On Tuesday, June 23, 2015 at 12:40:49 PM UTC-4, Riel G wrote:
>
> Hello everyone. Greetings from Nunavut, Canada. 
>
> I'm fairly new to the technical side of OCR and Tesseract in general, so 
> my apologies in advance.
>
> I've been OCRing quite a bit using Adobe Acrobat. It works quite well for 
> English, but offers no support at all for the written language of 
> Inuktitut <https://en.wikipedia.org/wiki/Inuktitut>. The Inuktitut 
> language is native to the north eastern part of Canada and uses a non-Roman 
> orthography script named "syllabic 
> <https://en.wikipedia.org/wiki/Canadian_Aboriginal_syllabics>", which was 
> introduced by missionaries in the 1800s and is still used today. Some Cree 
> dialects also use syllabary. Here's a link to the Unified Canadian 
> Aboriginal Syllabics Official Unicode Consortium code chart 
> <http://www.unicode.org/charts/PDF/U1400.pdf> (PDF) - Wikipedia link 
> <https://en.wikipedia.org/wiki/Unified_Canadian_Aboriginal_Syllabics_%28Unicode_block%29>
> .
>
> Since Windows Vista, every Windows OS comes prepackaged with a font named 
> Euphemia <https://en.wikipedia.org/wiki/Euphemia_%28typeface%29>, which 
> is a unicode font that supports syllabics. When you activate the Inuktitut 
> keyboard and hit the caps lock, you can type syllabics. Apple also supports 
> Euphemia--a recent app came out with gives users an Inuktitut keyboard 
> <https://itunes.apple.com/ca/app/inuktut-naqittautit/id993521673?mt=8/>. 

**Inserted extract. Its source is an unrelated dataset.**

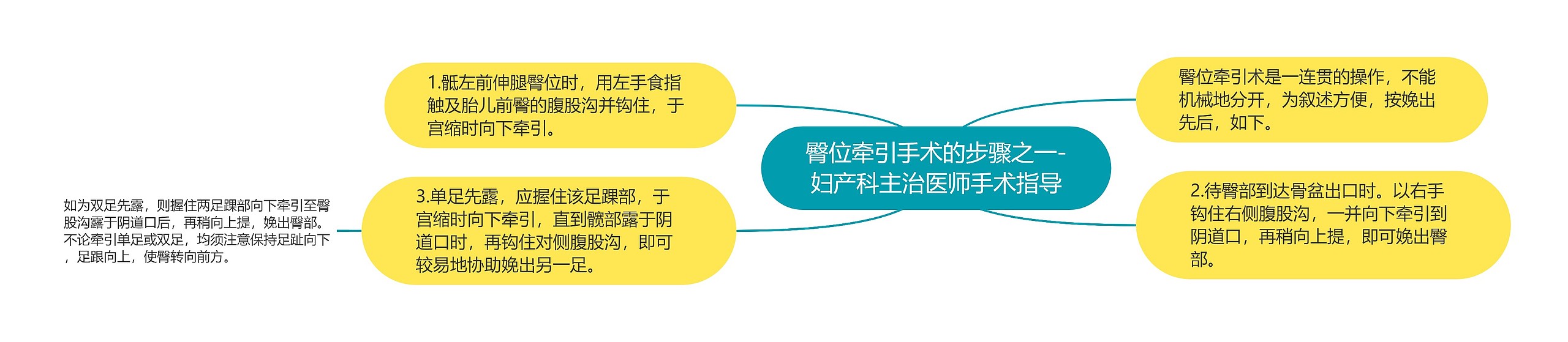 臀位牵引手术的步骤之一-妇产科主治医师手术指导思维导图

> Android does not support it yet. There's also many of pre-Unicode 
> typefaces 
> <http://www.pirurvik.ca/en/productions/iu-computing/font-download> that 
> look slightly different than Euphemia syllabics, which I realize may be an 
> issue.
>
> I've been able to manually fix OCR errors in Adobe Acrobat under Text 
> Recognition -> Find All Suspects -> changing the font to Euphemia -> 
> manually typing the correct text in the red box (see attached image for 
> instructions). Though this was a step forward, we're looking for a batch 
> production OCR solution. OCRing Inuktitut using Acrobat gives us results 
> like this:
>
>
>
> Both Adobe and ABBYY haven't responded to our requests to have Inuktitut 
> added as a language in their text recognition feature.
>
> Is there something we can try with Tesseract? I downloaded it but haven't 
> made much progress. We'd love to be able to search our older scanned PDFs 
> using syllabics and eventually put our historic documents on our website, 
> which would then come up in Google search results. Any help would be 
> greatly appreciated. I've attached a jpg of sample text from the Nunavut 
> Land Claims Agreement <http://nlca.tunngavik.com> (table of contents for 
> Article 26) if anyone needs some content for testing.
>
> ᓇᑯᕐᒦᒃ / Thank you!
>
>
>
>
> https://en.wikipedia.org/wiki/Unified_Canadian_Aboriginal_Syllabics_%28Unicode_block%29
>
> *Unified Canadian Aboriginal Syllabics*[1] 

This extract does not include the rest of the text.